THE TASK: Return the records exactly as they stand, and keep the pictures out of the copy.

TASK INPUTS:

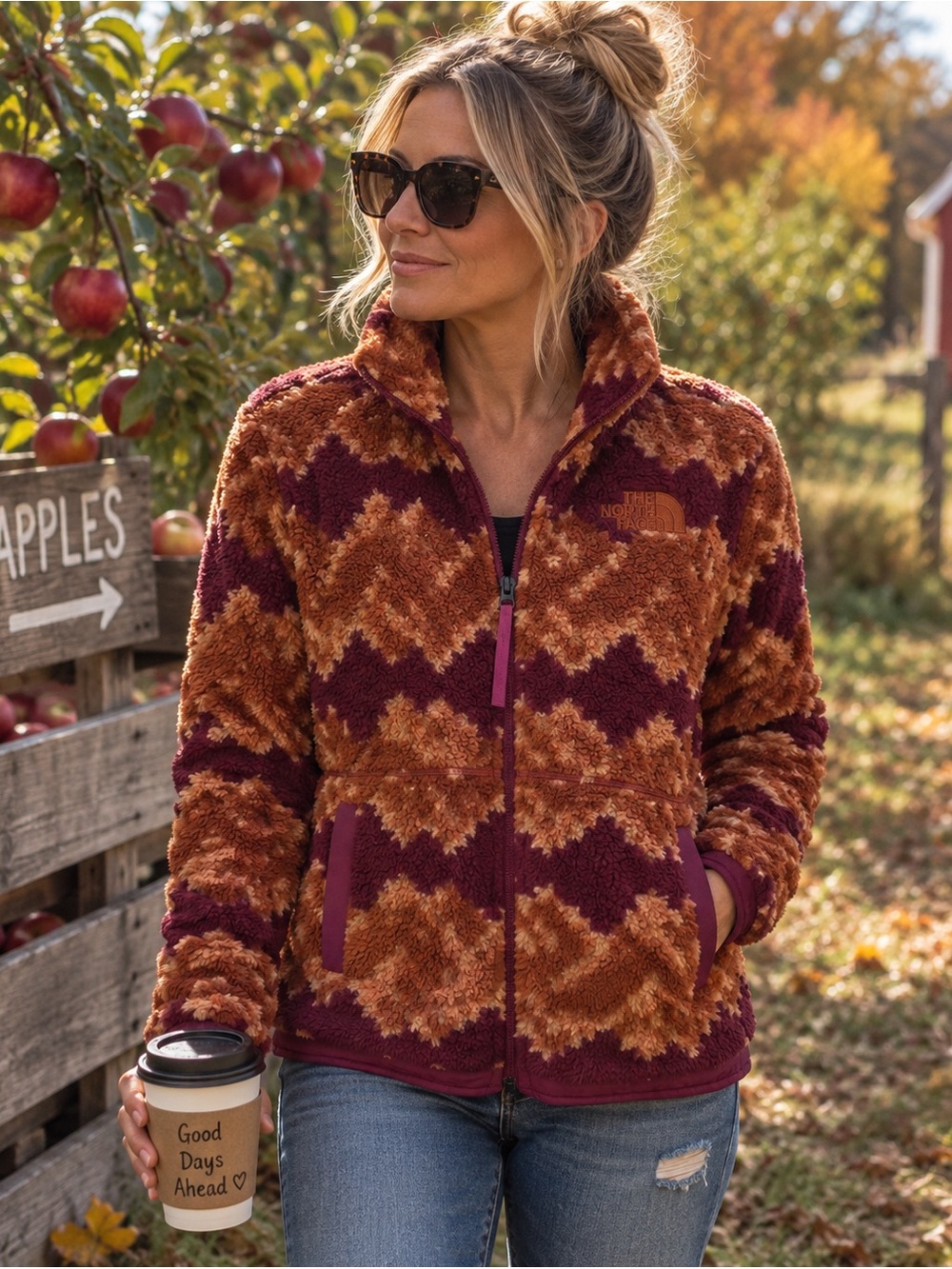 The North Face Campshire Orange & Purple Patterned Sherpa Jacket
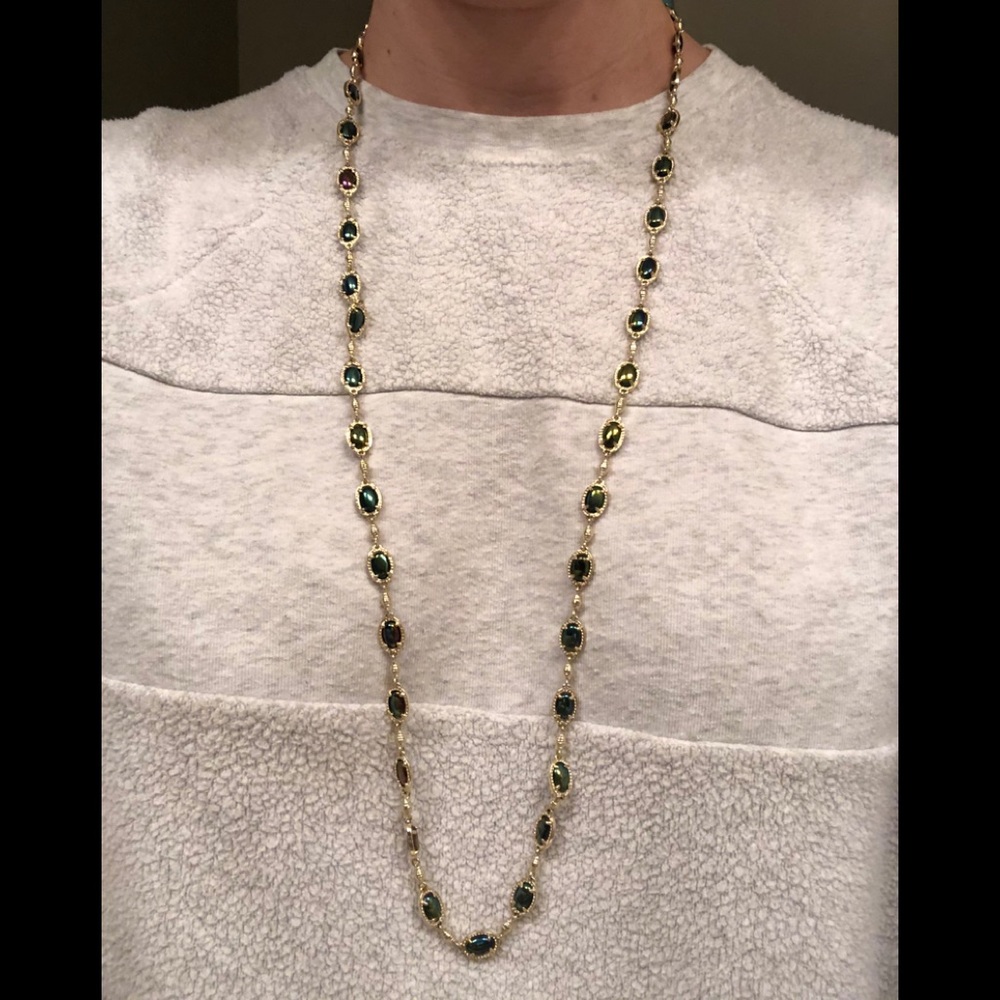 Kendra Scott Chain with Black Iridescent Stones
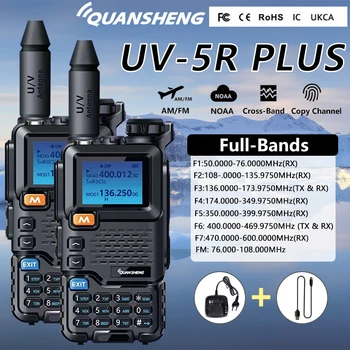 UV 5R Plus Quansheng Walkie Talkie 50-600 МГц Полнодиапазонный AM FM Кросс-диапазон NOAA DTMF Скремблер Частотная копия 3800 мАч Двухстороннее Радио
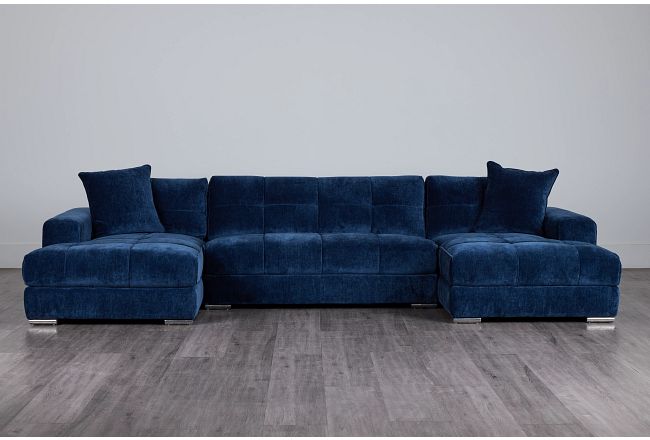 Brielle Blue Fabric Double Chaise Sectional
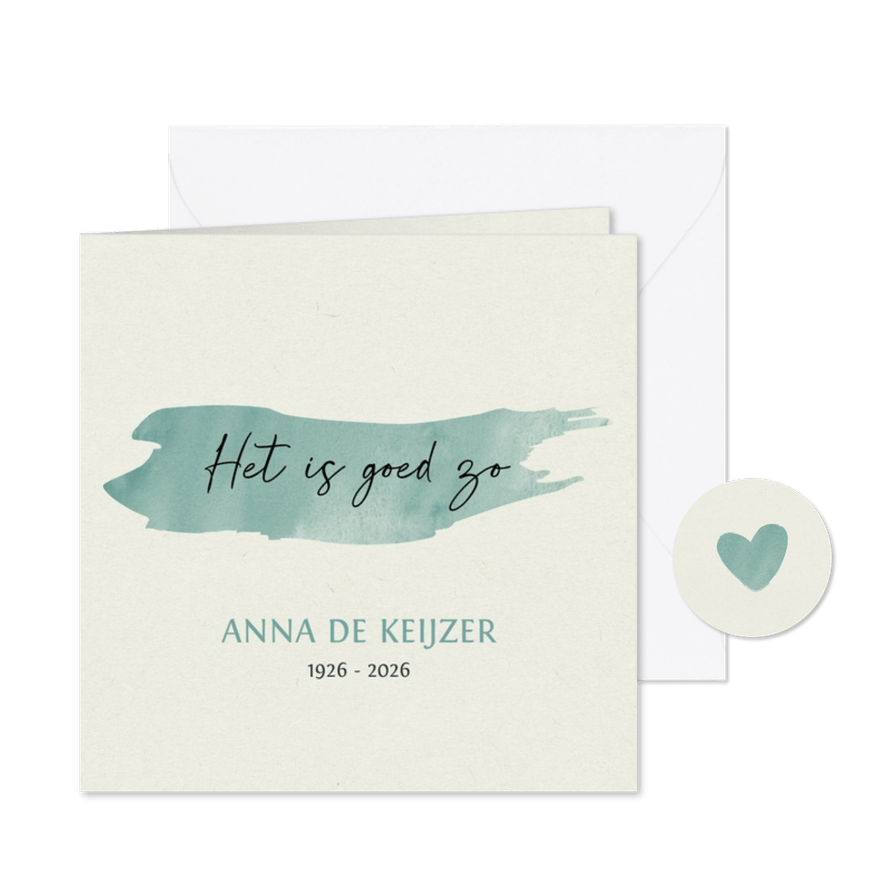 Rouwkaart bedankt het is goed zo - Kaartimpressie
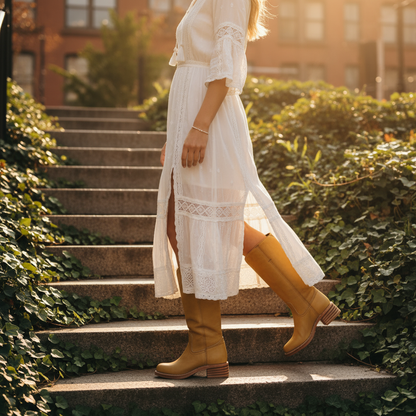 Bottes hautes pour femme Kira | Talon empilé, bout rond classique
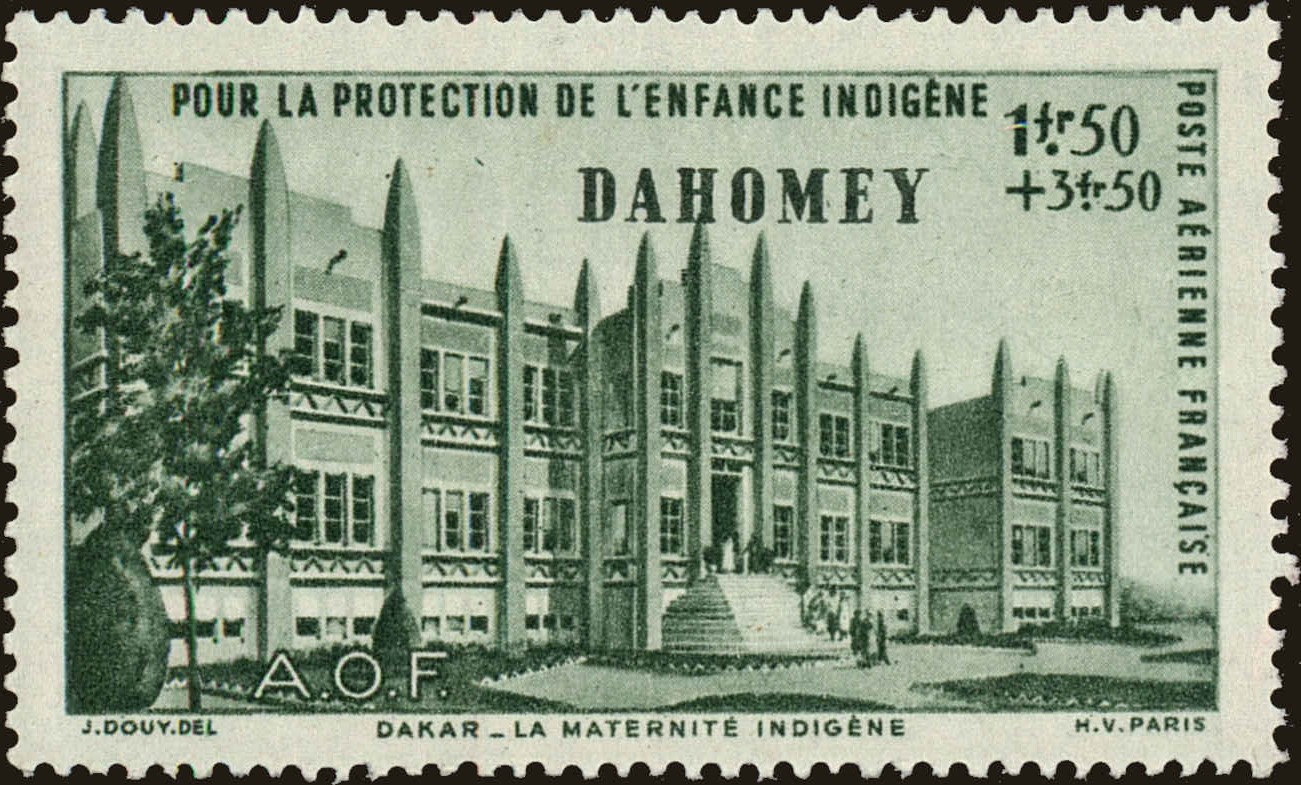 Front view of Dahomey CB1 collectors stamp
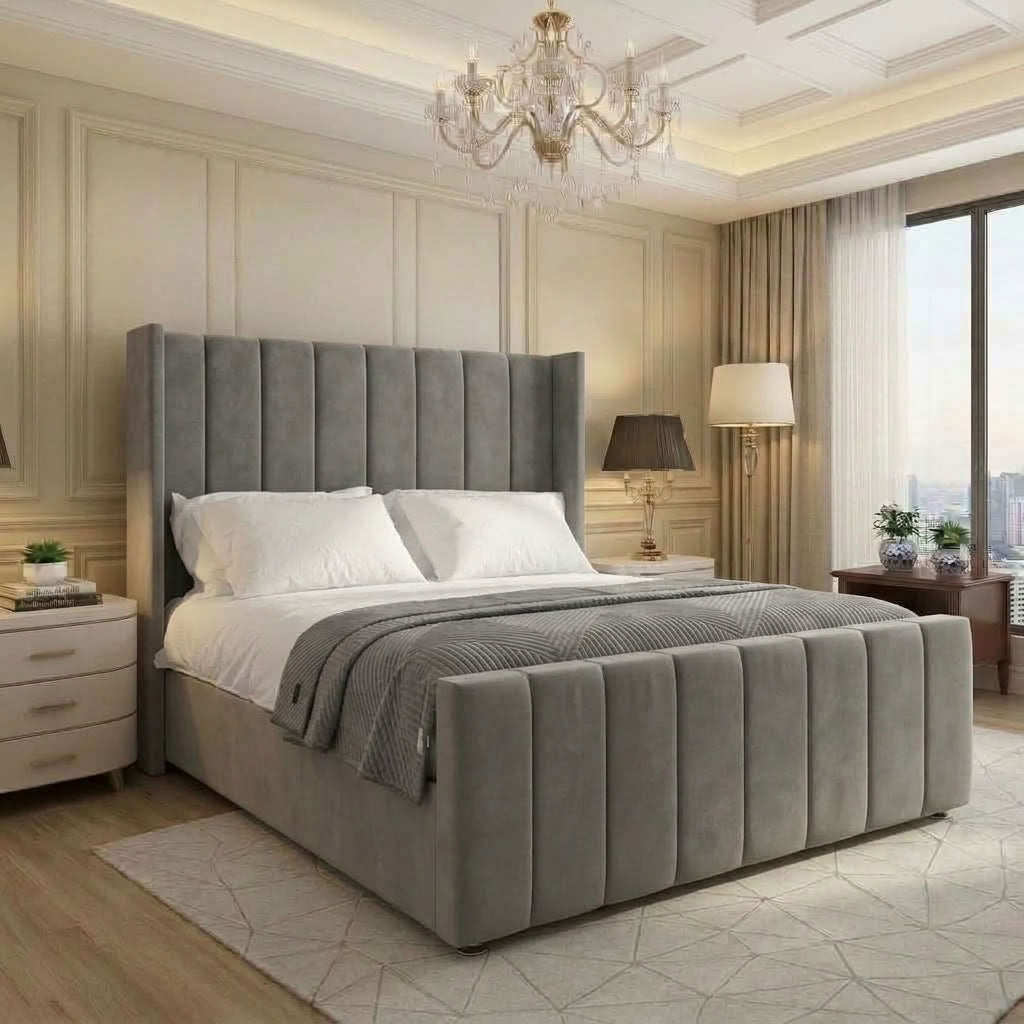 Cavendish Grey Upholstered Ottoman Storage Bed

WRITTEN RESPONSE:
 The North Face Campshire Orange & Purple Patterned Sherpa Jacket
 Kendra Scott Chain with Black Iridescent Stones
 UV 5R Plus Quansheng Walkie Talkie 50-600 МГц Полнодиапазонный AM FM Кросс-диапазон NOAA DTMF Скремблер Частотная копия 3800 мАч Двухстороннее Радио
 Brielle Blue Fabric Double Chaise Sectional
 Rouwkaart bedankt het is goed zo - Kaartimpressie
 Bottes hautes pour femme Kira | Talon empilé, bout rond classique
 Front view of Dahomey CB1 collectors stamp
 Cavendish Grey Upholstered Ottoman Storage Bed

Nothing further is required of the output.